Traducción inversa

La excepción checa

Recuerdo aquel tiempo, en Praga, a las pocas semanas de la caída del régimen estalinista. La ciudad amanecía envuelta en un halo melancólico, haciendo honor –tras la gran batalla pacífica- a la leyenda de su extraordinaria belleza. En los escaparates de las tiendas más céntricas, las fotografías de Václav Havel (con el lema "Havel na Hrad", es decir, "Havel al Castillo") alternaban con carteles ("Zpêt do Evropy!": "¡Escalemos Europa!") que representaban el continente como un país elevado y sin fronteras interiores. Una escalera invitaba a sumarse a ese magnífico proyecto.

  Muchos años después, el sueño europeísta de aquella generación se ha dado de bruces con la realidad actual. El presidente checo, Václav Klaus (un tipo con muy malas pulgas ideológicas), se niega a firmar el Tratado de Lisboa si el Consejo Europeo no deroga la Carta de los Derechos Fundamentales. Se trata de evitar que los alemanes expulsados de los Sudetes tras la Segunda Guerra Mundial reclamen sus antiguas tierras. Esta demanda será más o menos razonable, pero es triste contemplar cómo un país donde la ilusión europeísta estaba tan ligada a la recuperación de las libertades se haya convertido ahora en el abanderado de todos aquellos que buscan poner piedras al programa de unidad continental.

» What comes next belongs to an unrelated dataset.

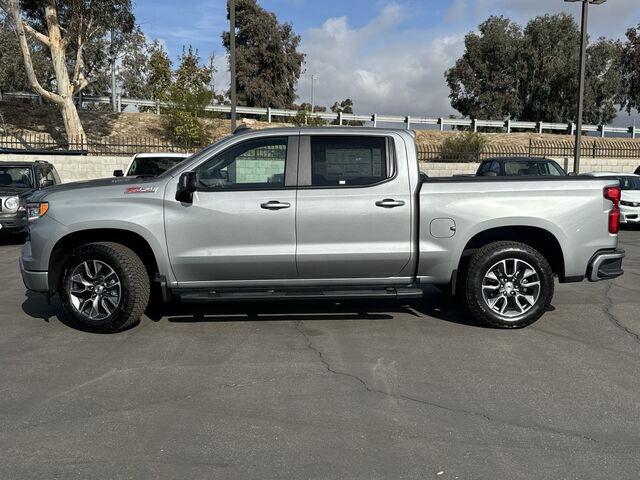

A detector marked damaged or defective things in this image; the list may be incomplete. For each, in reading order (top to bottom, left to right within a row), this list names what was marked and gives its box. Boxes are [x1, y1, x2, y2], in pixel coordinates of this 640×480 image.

cracked asphalt [0, 231, 636, 478]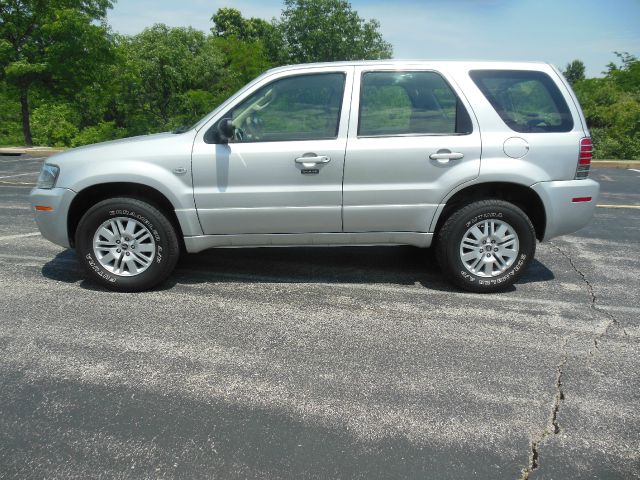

  La República Checa debería saber que para construir Europa hay que ser generosos. Quizá las propiedades de la antigua minoría alemana sean sólo una excusa para convertir el euroescepticismo en un diletantismo populista más. La historia, en ese caso, debería juzgar a Klaus como se merece. Como alguien que no está a la altura de la generación de la libertad.